In the last decade, Volkswagen experienced an interesting scenario with its
foreign subsidiary of Volkswagen do Brasil (VWB). Brazil was an economically
attractive country with the one of the largest economies in the world and with a hopefully
fruitful future. But like always, there are ups and downs in a competitive business, and
VWB has had their fair share. They first opened plants in Brazil in the 1950s gaining
strong market share. Less than 50 years later they became the number one in automobile
sales with over 500,000 in 1997. But of course, Brazils economy and currency collapse
several times throughout VWBs stay in Brazil. So unless Volkswagen wants to back out
of a large opportunity and leave Brazil, they are forced to continue operations while
experiencing negative profit.
Recently, around 2003, VWB began a new restructuring plan and eventually hired
a new CEO by the name of Thomas Schmall. With VWB holding some of the highest
inventory and sales levels in its recent history, Schmall knew something needed to be
done better to improve operational performance. Schmall later assembled a team of
highly qualified executives to figure out VWBs much-needed areas of improvement.
What they came up with was the Strategy Map and the Balance Scorecard. These
tools were to be incorporated throughout the whole company, from CEO to the shop
floor. And a dedicated team from the top was needed to effectively communicate it to the
lowest level. This was done methodically by having all executives take a two-day
training program to comprehend what the strategy map and balance scorecards roles are
in the company. In my opinion the balance scorecard is a very efficient and effective
way of organizing, monitoring and controlling the progress of a companys goals and
strategies. Previous strategies were too complex. The Strategy map simplified the goals
of the company into 4 distinct categories each having a number of objectives. Each
executive is assigned one objective. Each objective owner was responsible for the
performance and monitoring of that objective. This new way of doing business was
strong because it gave management a more organized and controlled role, if ever there
needed to be any managerial interference.

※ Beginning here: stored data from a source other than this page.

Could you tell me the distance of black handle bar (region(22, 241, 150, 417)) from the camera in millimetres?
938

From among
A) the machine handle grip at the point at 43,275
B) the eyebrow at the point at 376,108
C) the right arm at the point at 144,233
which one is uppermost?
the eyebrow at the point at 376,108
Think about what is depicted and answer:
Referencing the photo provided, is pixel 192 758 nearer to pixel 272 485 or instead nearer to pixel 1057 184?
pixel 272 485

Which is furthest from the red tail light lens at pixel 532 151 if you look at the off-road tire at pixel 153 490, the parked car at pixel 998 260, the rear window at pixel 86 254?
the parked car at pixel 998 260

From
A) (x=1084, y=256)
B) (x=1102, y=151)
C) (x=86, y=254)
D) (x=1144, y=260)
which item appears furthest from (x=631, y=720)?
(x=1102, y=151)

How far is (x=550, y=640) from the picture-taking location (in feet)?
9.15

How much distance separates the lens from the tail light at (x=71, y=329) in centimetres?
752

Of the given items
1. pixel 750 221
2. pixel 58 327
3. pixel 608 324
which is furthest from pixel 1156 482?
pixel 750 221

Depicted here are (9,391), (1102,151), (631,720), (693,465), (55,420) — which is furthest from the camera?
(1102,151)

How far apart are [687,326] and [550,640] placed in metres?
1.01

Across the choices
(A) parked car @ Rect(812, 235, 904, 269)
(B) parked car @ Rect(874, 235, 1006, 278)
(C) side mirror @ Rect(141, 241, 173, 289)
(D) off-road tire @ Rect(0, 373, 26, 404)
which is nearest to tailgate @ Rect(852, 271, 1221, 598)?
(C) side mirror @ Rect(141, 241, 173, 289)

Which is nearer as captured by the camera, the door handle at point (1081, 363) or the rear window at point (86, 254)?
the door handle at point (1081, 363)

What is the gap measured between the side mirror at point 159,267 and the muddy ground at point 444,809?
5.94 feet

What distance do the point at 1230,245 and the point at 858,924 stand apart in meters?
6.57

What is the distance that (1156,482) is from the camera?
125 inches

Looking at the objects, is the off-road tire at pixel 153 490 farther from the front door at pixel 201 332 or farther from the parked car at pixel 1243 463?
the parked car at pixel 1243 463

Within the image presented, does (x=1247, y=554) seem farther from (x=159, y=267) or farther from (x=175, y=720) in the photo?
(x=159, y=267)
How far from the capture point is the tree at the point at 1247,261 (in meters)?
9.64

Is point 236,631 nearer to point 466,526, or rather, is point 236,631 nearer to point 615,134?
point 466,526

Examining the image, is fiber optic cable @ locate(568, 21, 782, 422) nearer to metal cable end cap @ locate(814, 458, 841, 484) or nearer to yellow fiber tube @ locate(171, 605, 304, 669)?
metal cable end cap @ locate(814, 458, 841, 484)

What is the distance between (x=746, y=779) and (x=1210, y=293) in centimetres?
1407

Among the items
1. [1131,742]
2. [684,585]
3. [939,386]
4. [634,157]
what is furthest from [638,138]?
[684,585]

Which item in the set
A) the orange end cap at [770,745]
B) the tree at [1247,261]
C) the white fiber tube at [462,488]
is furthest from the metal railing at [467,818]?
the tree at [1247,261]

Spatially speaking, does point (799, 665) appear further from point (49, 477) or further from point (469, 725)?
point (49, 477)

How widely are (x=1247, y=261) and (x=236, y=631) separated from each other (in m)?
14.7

Another key thing that VWB did regarding management practices was to reward
and compensate their employees well. They knew well compensated employees are
happier, more motivated, and more committed. They executed this well by tying many
employee bonuses to an individuals performance, as well as of a percentage of
objectives completed. They also gave professional recognition to employees by initiating
contests and handing out awards. This leads to strong internal promotion. And lastly,
VWBs financial position was improved even more when they offered and extended
training programs and awards seminars to its best performing suppliers.
If I had to recommend, Volkswagen does Brazil anything, it would have to be
to maintain its current strategies in its management process, and also to keep operational
cost as low as possible. The Brazilian economy could be very rewarding, but its high
volatility could make VWB vulnerable if there operational performance is not up to peek.
But I am sure the executives at VWB or aware of that and will do there best to minimize
any risks and threats that come there way.